The model was compared to experimental data for a wide-ranging set of tasks, from simple binary choices to multistep sequential decision making. It accurately captures behavioural choice probabilities and predicts choice reversal in an experiment, a hallmark of complex decision making.
Our decisions may provide immediate gratification, but they can also have far-reaching consequences, which in turn depend on several other actions we have already made or will make in the future. The trouble that most of us have is how to take the potential long-term effects of a particular decision into account, so that we make the best choice.
There are two main types of decisions: habit-based and goal-based. An example of a habit-based decision would be a daily commute, which is generally the same every day. Just as certain websites are cached on a computer so that they load faster the next time they are visited, habits are formed by ‘caching’ certain behaviours so that they become virtually automatic.

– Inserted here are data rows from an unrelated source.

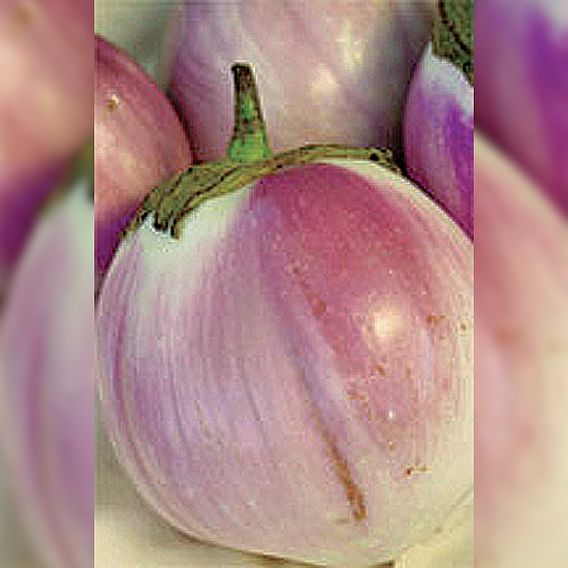 Aubergine 'Rosa Bianca' - Organic Seeds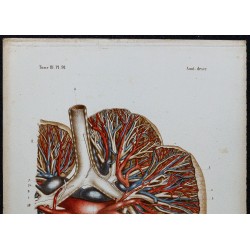 1866 - Poumons: bronches & vaisseaux pulmonaires 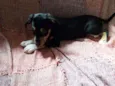 Bob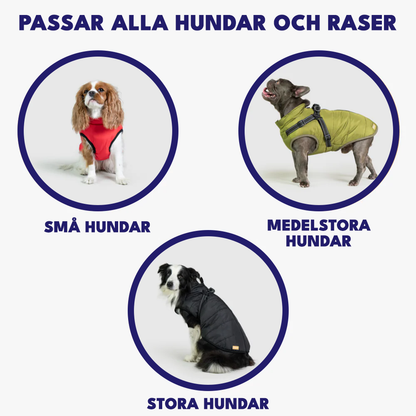 Vinterjacka för Hundar med Selen™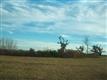 757  Eaton Place , Newport, NC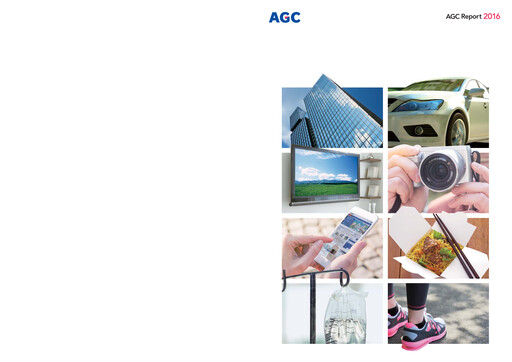 Thumbnail AGC Annual Report 2016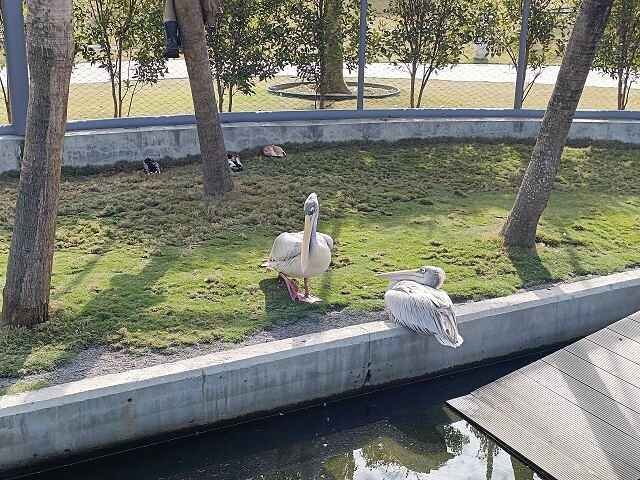 九九峰動物樂園08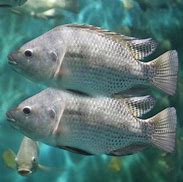 Image result for King Fish Tilapia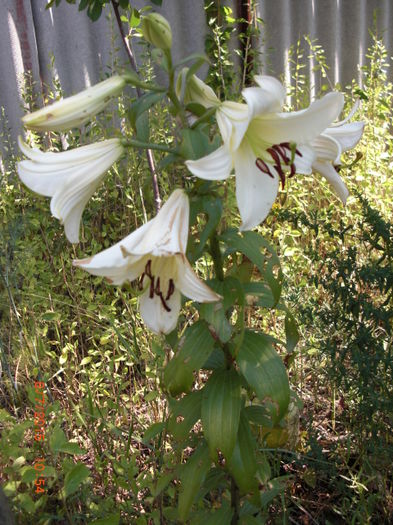 Crin Regal - Gradina Casa si Plante Rare sau Deosebite pentru Sanatate2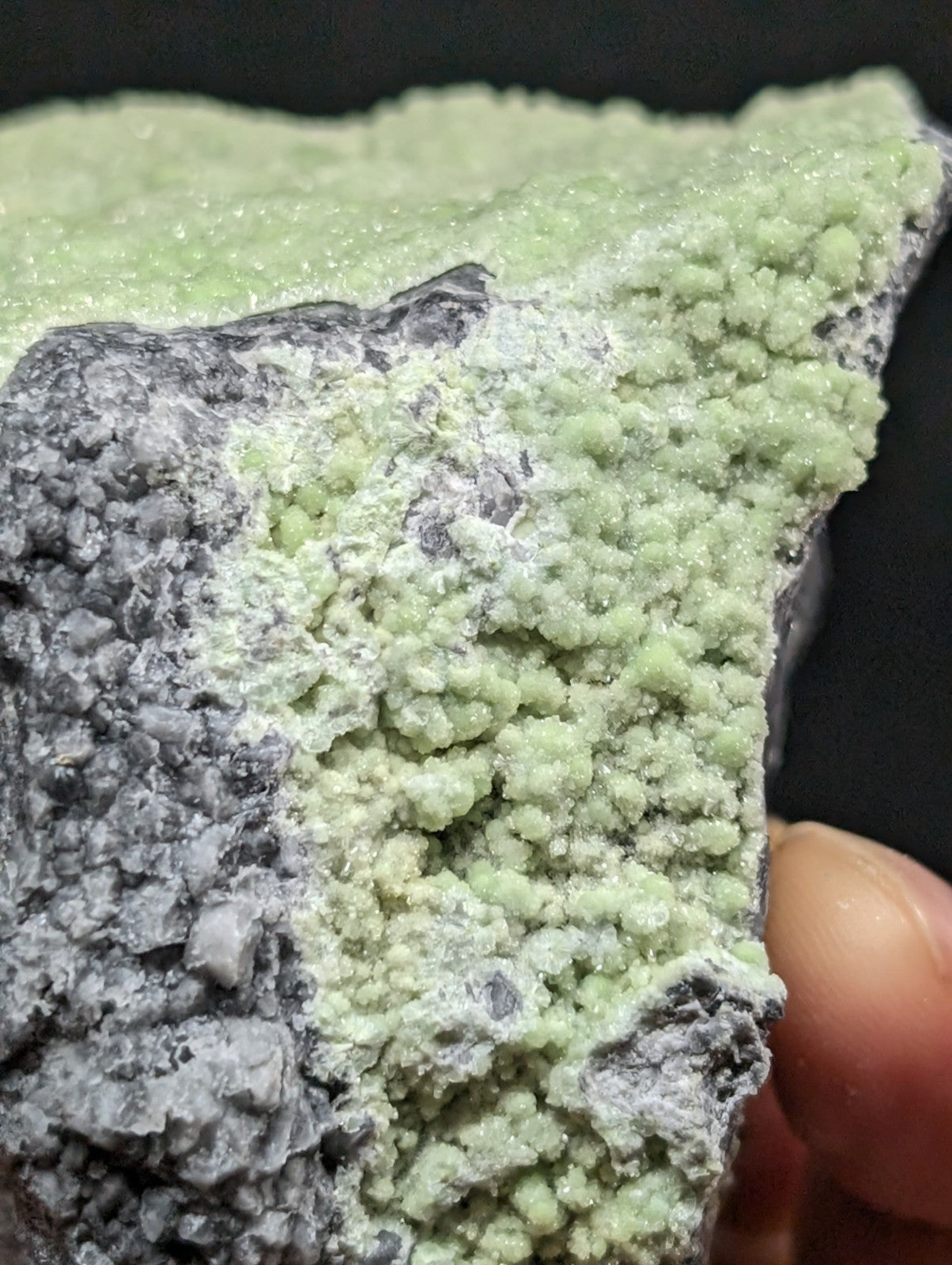 A pale green, crystalline mineral specimen with a rough, textured surface and dark gray matrix.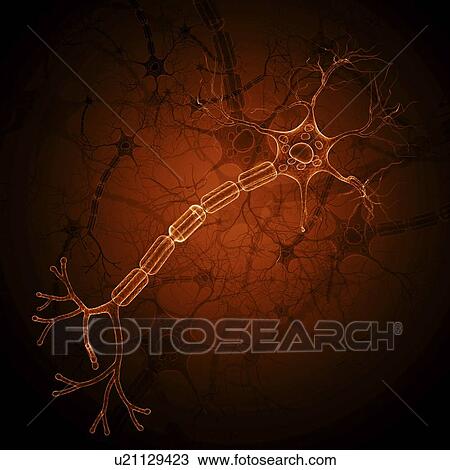 Nerve cell, artwork View Large Illustration Drawing - Nerve cell, artwork. Fotosearch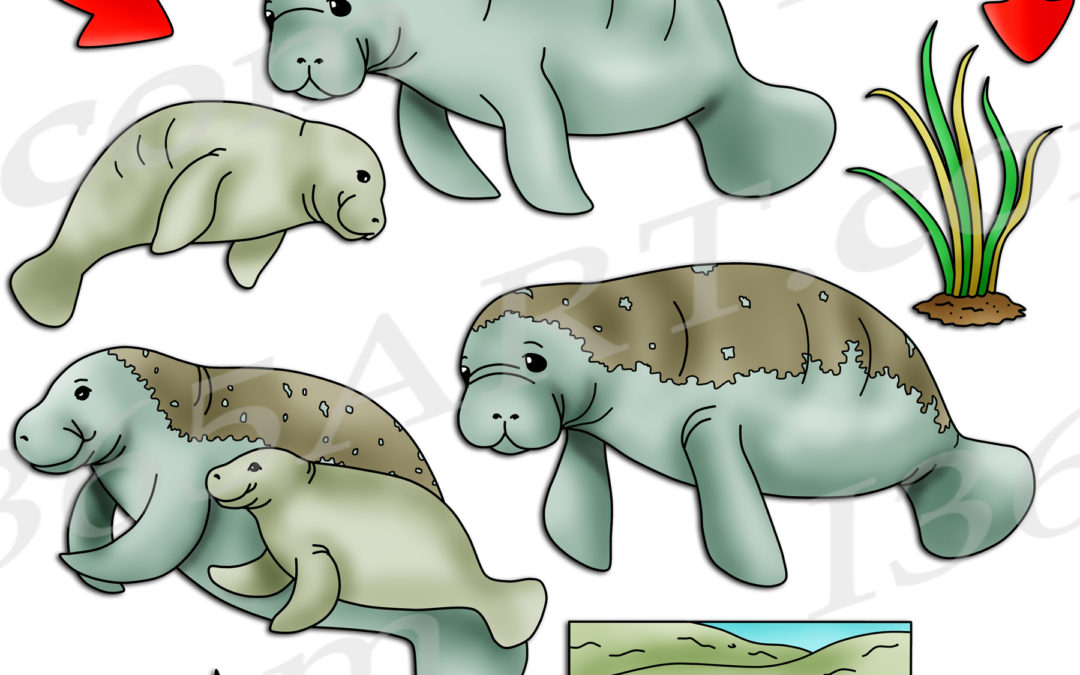 Manatee Life Cycle Clipart Set Download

An example of a goal-based decision would be a traffic accident or road closure on that same commute, forcing the adoption of a different route.
“A goal-based decision is much more complicated from a neurological point of view, because there are so many more variables – it involves exploring a branching set of possible future situations,” said the paper’s first author Dr Johannes Friedrich of Columbia University, who conducted the work while a postdoctoral researcher in Cambridge’s Department of Engineering. “If you think about a detour on your daily commute, you need to make a separate decision each time you reach an intersection.”
Habit-based decisions have been thoroughly studied by neuroscientists and are fairly well-understood in terms of how they work at a neural level. The mechanisms behind goal-based decisions however, remain elusive.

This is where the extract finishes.